System Design Basics | My Portfolio

HLD Process Flow

flowchart TD
    Requirements["Requirements <br/> Functional & Non-Functional"]
    HLD["High-Level Design <br/> Architecture & Components"]
    DataModel["Data Model & Flow <br/> Entities & Interactions"]
    NFR["Non-Functional Requirements <br/> Quality Attributes"]

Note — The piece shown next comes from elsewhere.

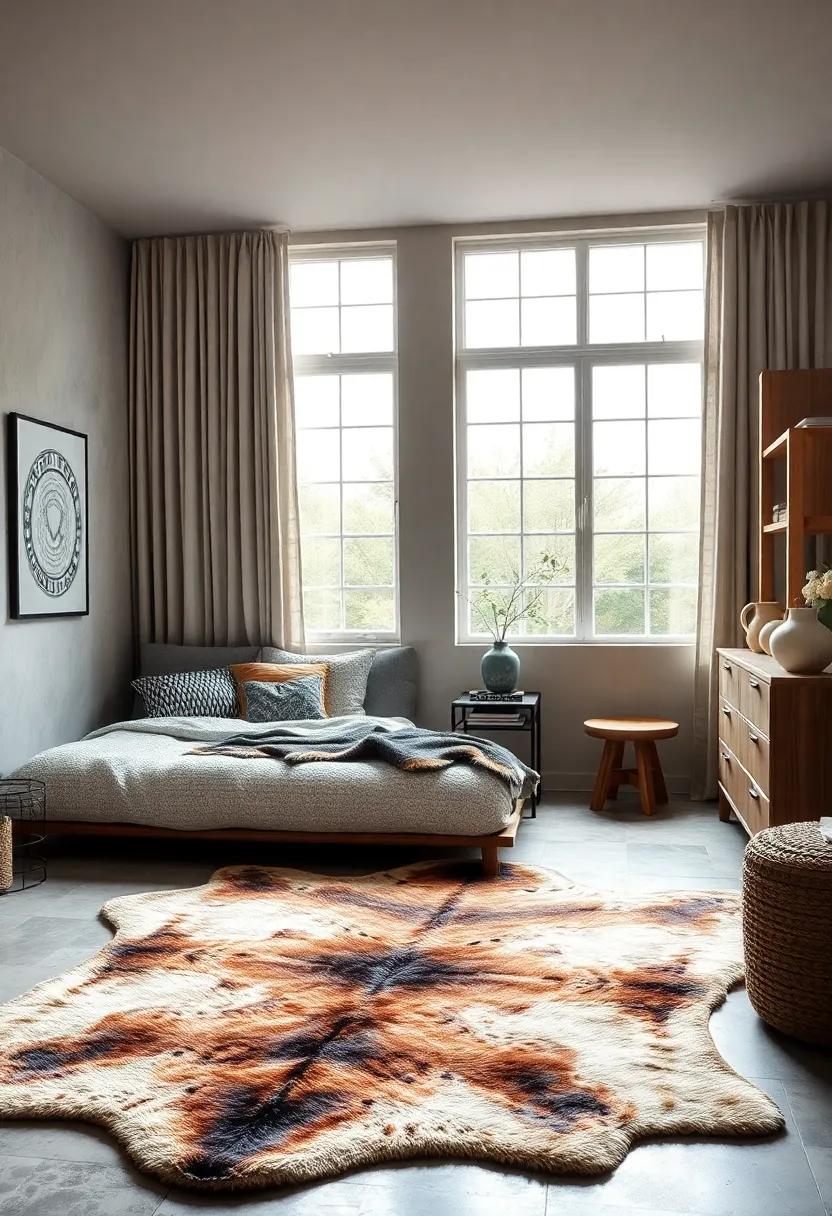 Animal Print Faux Fur Rug: Fun and tactile, this rug mimics the look⁢ of animal hides, providing both comfort and a bit of wild flair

    subgraph Quality Pillars
        Scalability["Scalability <br/> Handle Growth"]
        Reliability["Reliability <br/> Correct Under Failure"]
        Availability["Availability <br/> Minimize Downtime"]
        Maintainability["Maintainability <br/> Easy to Change"]
    end

    Requirements --> HLD
    HLD --> DataModel
    DataModel --> NFR
    NFR --> Scalability
    NFR --> Reliability
    NFR --> Availability
    NFR --> Maintainability

    Scalability -. drives .-> HLD
    Reliability -. drives .-> HLD
    Availability -. drives .-> HLD
    Maintainability -. drives .-> HLD

Evaluation Criteria

Any system design solution should be evaluated on 3 criteria:

Simplicity — Is it as simple as it needs to be?
Fidelity — Does it cover all functional and non-functional requirements?
Cost Effectiveness — Is the infra spend justified?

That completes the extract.